YOUR OBJECTIVE ::
The records below are to be set down again exactly, with the pictures left out.

── DATA FOR REVIEW

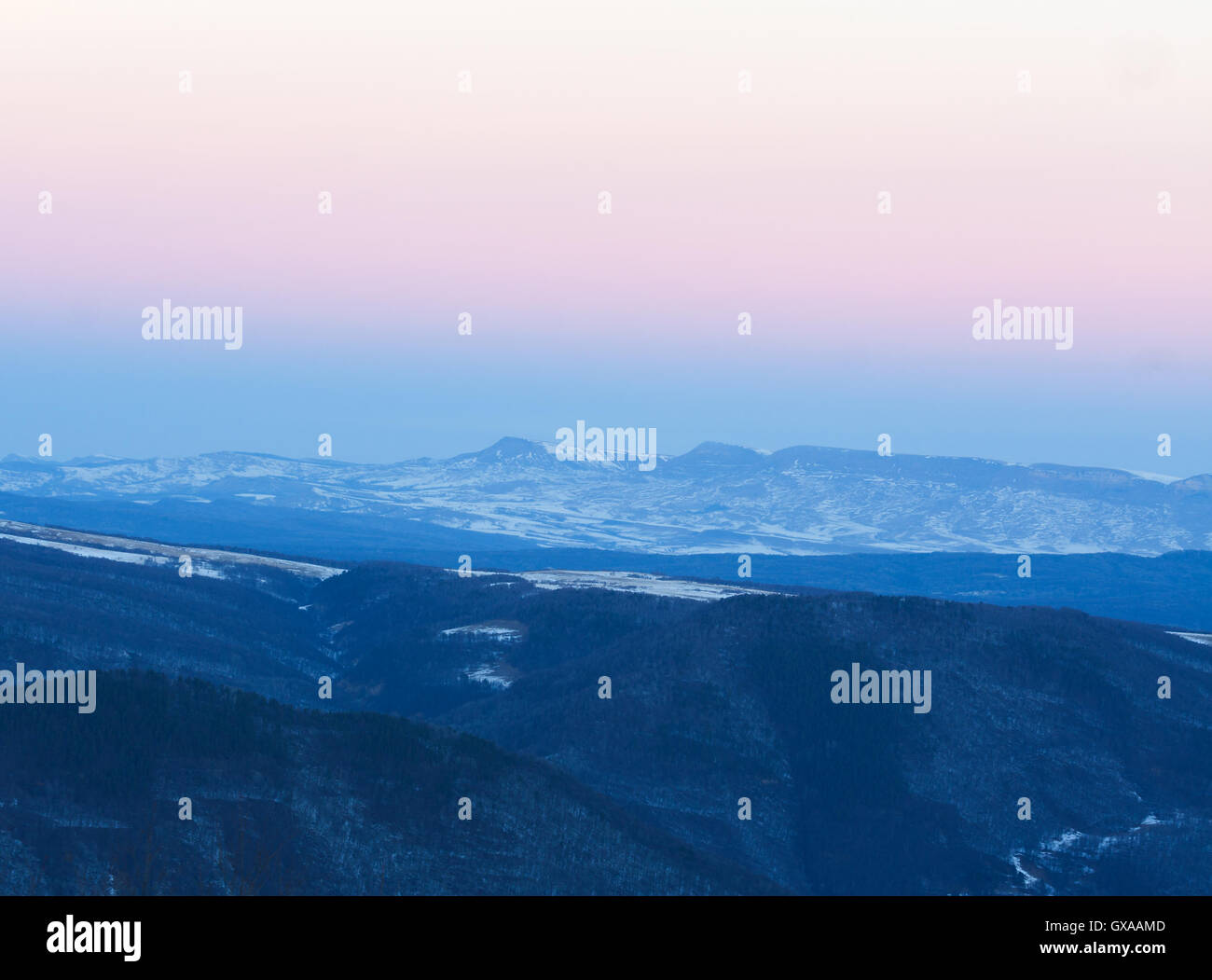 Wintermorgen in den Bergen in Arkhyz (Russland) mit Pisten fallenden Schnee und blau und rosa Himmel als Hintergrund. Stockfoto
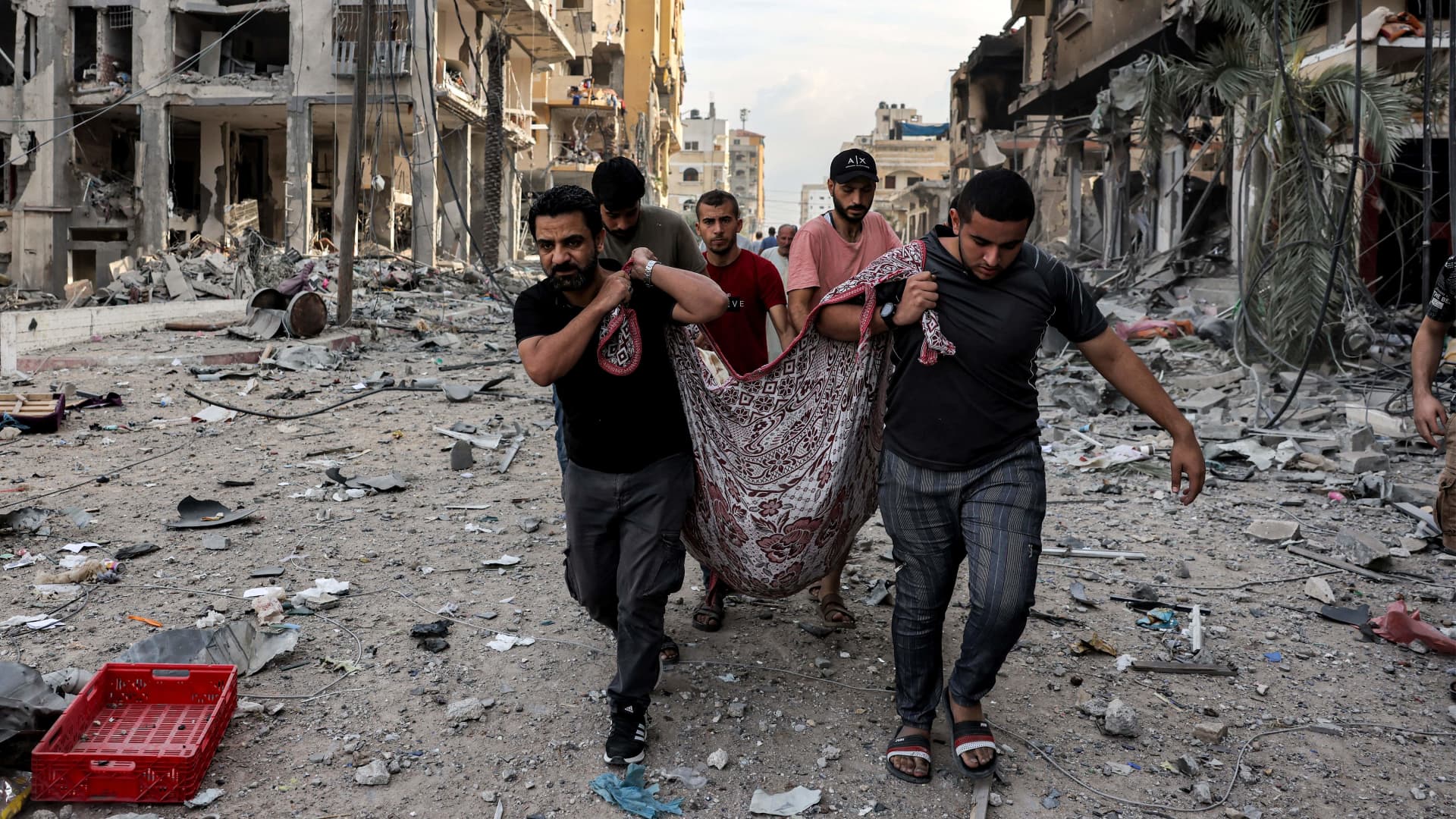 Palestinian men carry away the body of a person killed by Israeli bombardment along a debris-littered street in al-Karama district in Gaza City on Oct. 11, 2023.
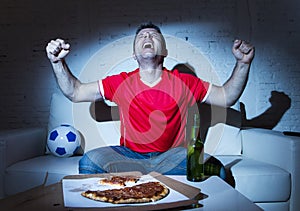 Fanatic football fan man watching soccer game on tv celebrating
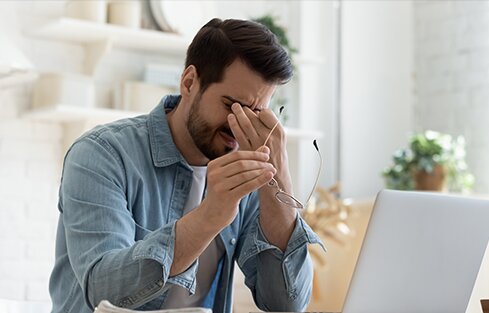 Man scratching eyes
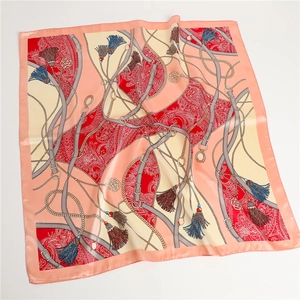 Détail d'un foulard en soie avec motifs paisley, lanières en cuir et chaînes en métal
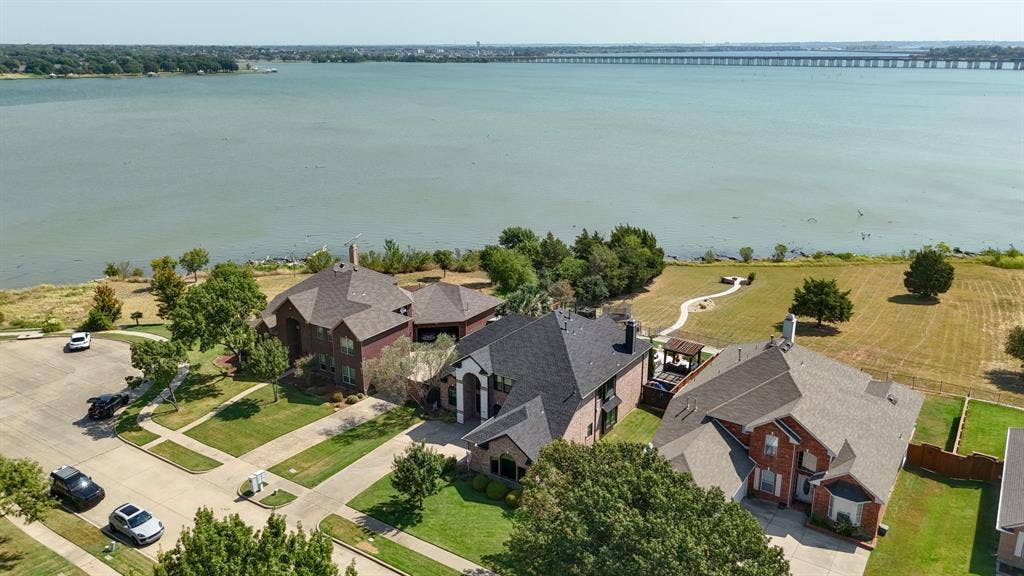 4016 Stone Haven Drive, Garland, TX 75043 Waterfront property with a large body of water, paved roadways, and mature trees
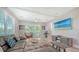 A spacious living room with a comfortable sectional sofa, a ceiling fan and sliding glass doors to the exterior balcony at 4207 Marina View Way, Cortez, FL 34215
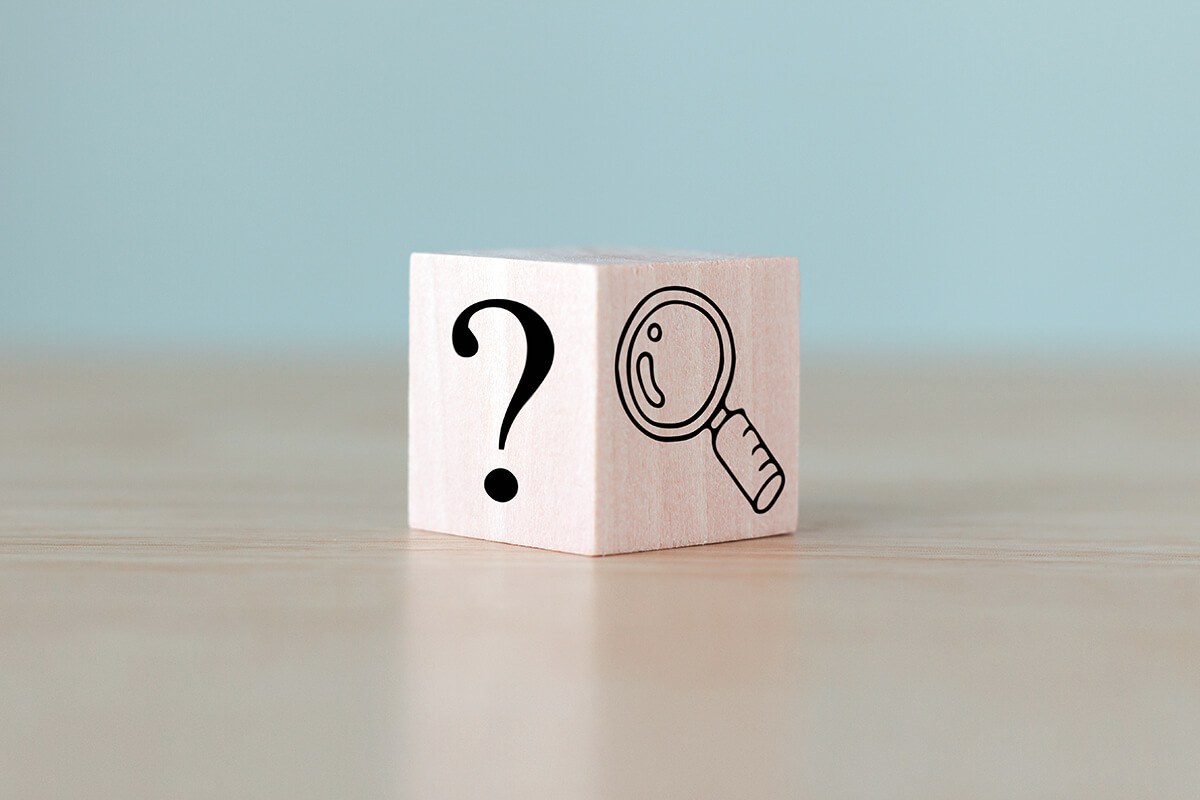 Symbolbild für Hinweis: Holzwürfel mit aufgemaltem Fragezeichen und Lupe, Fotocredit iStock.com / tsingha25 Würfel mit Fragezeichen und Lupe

────

SOLUTION BELOW ::
 Wintermorgen in den Bergen in Arkhyz (Russland) mit Pisten fallenden Schnee und blau und rosa Himmel als Hintergrund. Stockfoto
 Palestinian men carry away the body of a person killed by Israeli bombardment along a debris-littered street in al-Karama district in Gaza City on Oct. 11, 2023.
 Fanatic football fan man watching soccer game on tv celebrating
 Man scratching eyes
 Détail d'un foulard en soie avec motifs paisley, lanières en cuir et chaînes en métal
 4016 Stone Haven Drive, Garland, TX 75043 Waterfront property with a large body of water, paved roadways, and mature trees
 A spacious living room with a comfortable sectional sofa, a ceiling fan and sliding glass doors to the exterior balcony at 4207 Marina View Way, Cortez, FL 34215
 Symbolbild für Hinweis: Holzwürfel mit aufgemaltem Fragezeichen und Lupe, Fotocredit iStock.com / tsingha25 Würfel mit Fragezeichen und Lupe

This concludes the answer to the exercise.